As illustrated in Fig. 1a, we proposed an integrated protocol including data preprocessing, feature construction, dimensionality reduction, sample augmentation and classification, which implemented stratifications of seven lysine modification types. Preparation of peptide fragments, followed by discarding homologous sequences, was finished in data preprocessing module. Subsequently, substantial sequential and structural signatures were exacted for each sample in feature construction module, after which we used Pearson correlation coefficient (PCC) to acquire principal features in a lower dimensional subspace. To minimize the influence of imbalanced problem that the minority class is prone to incorrectly classified, Conditional Generative Adversarial Network (CGAN) and Conditional Wasserstein Generative Adversarial Network (CWGAN) were carried out. Finally, we built Random Forest (RF) classifiers to identity the seven subtypes, and model performance of multiclass classification was measured by Accuracy (Acc), Confusion Entropy (CEN), Matthews Correlation Coefficient (MCC), Cross-validation error rate (E_C) and independent test error rate (E_I) (Details are shown in Additional file: S4). MultiLyGAN consisted of PCC, CWGAN and RF.

Data preprocessing

We collected 18 kinds of lysine modification samples from the CPLM2.0 database [46], involving a total of 284,780 modification sites from 53,501 proteins. The types of modifications were Ubiquitination, Acetylation, Succinylation, Malonylation, Sumoylation, Glycation, Methylation, Glutarylation, Propionylation, Crotonylation, Pupylation, Butyrylation, Formylation, Phosphoglycerylation, Hydroxylation, 2-hydroxyisobutyrylation, Neddylation, and Carboxylation. Peptide fragments were obtained through a sliding window technique, with length ξ = 8 in the upper and lower lysine amino acid (window size L = 17). To reduce redundancy and bias, fragments with high sequence similarity (40% or more pairwise sequence identity) were removed. After deleting homology, we obtained 46 2-hydroxyisobutyrylated, 3273 acetylated, 38 butyrylated, 16 carboxylated, 29 crotonylated, 143 formylated, 402 glutarylatd, 1454 glycated, 19 hydroxylated, 1467 malonylated, 1208 methylated, 37 neddylated, 108 phosphoglycerylated, 223 propionylated, 169 pupylated, 1855 succinylated, 1302 sumoylated and 3468 ubiquitinated lysine-centered fragments. These data totally contained 18 different modification types.

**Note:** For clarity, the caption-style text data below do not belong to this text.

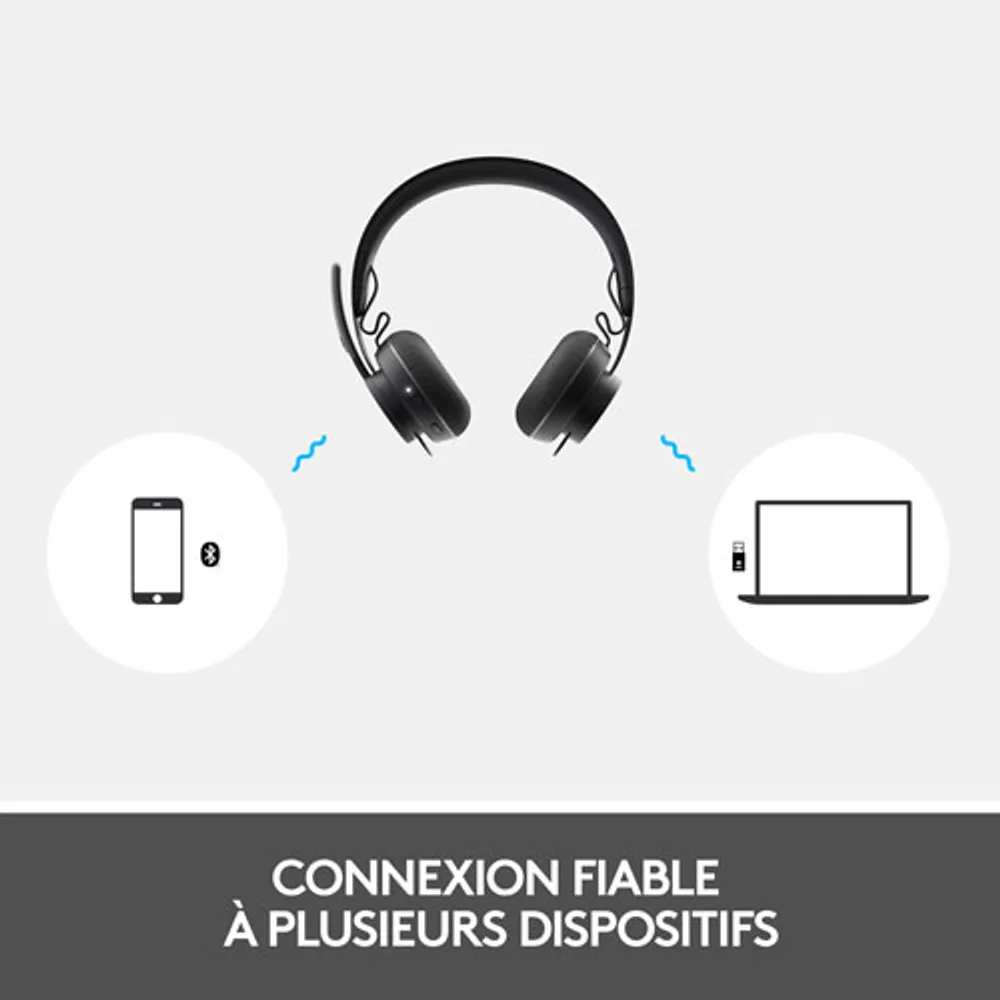 Casque d'écoute sans fil à suppression du bruit Zone 900 de Logitech - Graphite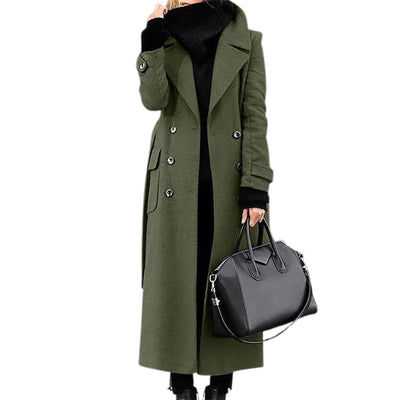 Women‘s Coat Winter Korean Fashion Long Coated Thickened Woolen Winter Coat for Women Black Coat Harajuku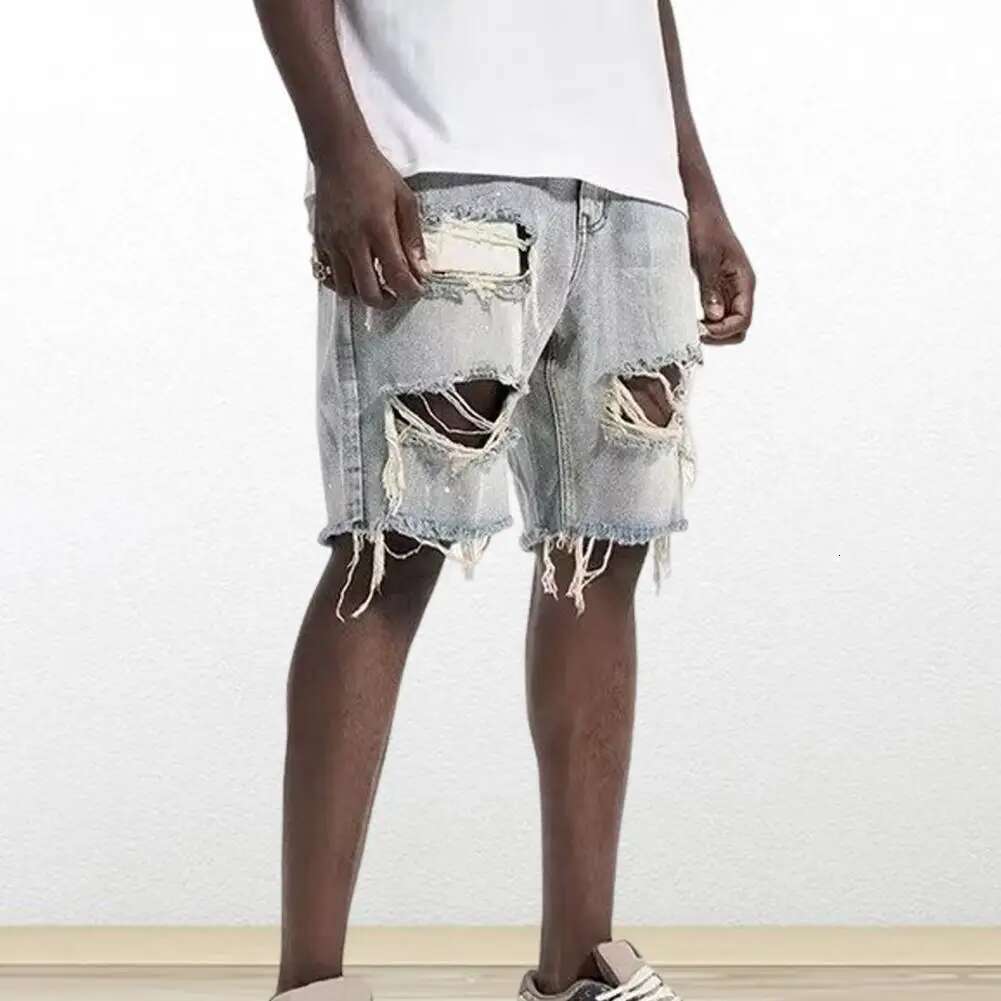 Men's Summer New Designer Denim Shorts Button Zipper Flyover Pocket Short Hip Hop Retro Sports Jeans Straight Tube Hole Knee Length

We merged the data with the same ID, site and fragments. Eighteen types of modifications contribute to theoretically 2¹⁸ types of labels for each fragment. After data integration, there were a total of 58 schemes, encompassing 18 for one label, 28 for two labels, and 12 for three labels. The labels with less than 500 samples were deleted. The remaining samples are single-label data, including Ubiq (3253), Ace (3194), Succ (1692), Glyca (1416), Malon (1253), Sumo (1213) and Meth (1172). Since the feature construction consisted of the structural information of each amino acid, we discarded fragments with the length less than 17. Finally, we attained Ubiq (3185), Ace (3114), Succ (1645), Glyca (1399), Malon (1224), Sumo (1174) and Meth (1147). The detailed data of each type are shown in Fig. 1b and Table 6 in Additional file: S3.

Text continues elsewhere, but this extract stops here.